I suggest setting aside a few hours on Sunday, whatever time is good for you, to prep for the rest of the week’s meals. Much of this Sunday time is unattended, so you could read a book, help your kid with their homework, play a game, or watch television while you’re getting ready for a week full of delicious, nutritious meals.

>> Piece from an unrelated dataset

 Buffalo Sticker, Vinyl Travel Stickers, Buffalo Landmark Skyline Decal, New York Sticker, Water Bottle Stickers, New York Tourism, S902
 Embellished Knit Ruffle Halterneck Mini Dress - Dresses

1. In the morning, soak a pound dried chickpeas by covering them with water in a large bowl. 2. At any point at least an hour before dinner, start making your meat mixture to stuff in the peppers for Sunday’s supper. You’ll use the remaining mix to make Meat Loaf for a meal later in the week. 3. Cook the hollowed out green peppers in salted boiling water for 3 minutes. Remove with tongs and drain. Add ½ pound of trimmed green beans. Cook for 2 minutes and then remove to a bowl of ice water to stop the cooking immediately. Set the peppers in a pan ready for stuffing. Wrap the green beans in paper towels then package in a container and refrigerate. 4. While the Stuffed Peppers and Meat Loaf are baking, prepare the Moussaka up until the point at which it goes in the oven. 5. Cook the chickpeas. Drain the chickpeas and put them in a large saucepan. Cover with about 1 ½ inches of water and add a teaspoon of salt. Bring to a boil, skimming any foam that rises to the top (you don’t have to be obsessive about this). Reduce to a simmer and cook until tender. Let cool then package the chickpeas in their cooking liquid and refrigerate.

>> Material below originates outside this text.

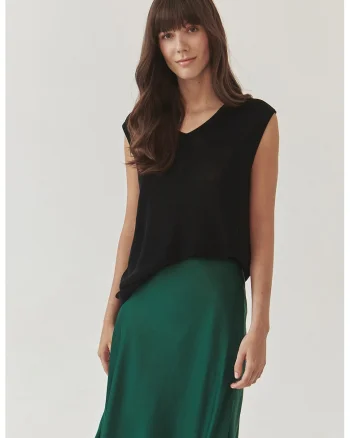 Bluza din amestec de in, fara maneci Jodi, Negru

Stuffed Peppers/Meat Loaf Makes 1 loaf and 4 stuffed peppers
2 teaspoons extra virgin olive oil 1 medium yellow onion, chopped 1 carrot, peeled and diced 1 celery, diced 1 garlic clove, minced 1 pound ground pork 1 ½ pounds ground beef 2 teaspoons kosher salt ½ cup chopped Italian parsley 1/3 cup ketchup 1/3 cup sour cream 2 teaspoons Worcestershire sauce 2 large eggs 1 cup bread crumbs Freshly ground pepper 4 large green peppers, blanched 6 slices bacon
Preheat the oven to 350° F. Heat the oil in a large sauté pan over medium heat. Add onion, carrot, and celery and cook until softened approximately 7 minutes. Stir in garlic and cook until fragrant. Remove from heat and let cool slightly. Whisk the eggs slightly in a large bowl. Mix in the sautéed vegetables. Add the pork, beef, salt, parsley, ketchup, sour cream, Worcestershire sauce, bread crumbs, and a few grinds of freshly ground pepper. Combine with your hands, being careful not to overmix.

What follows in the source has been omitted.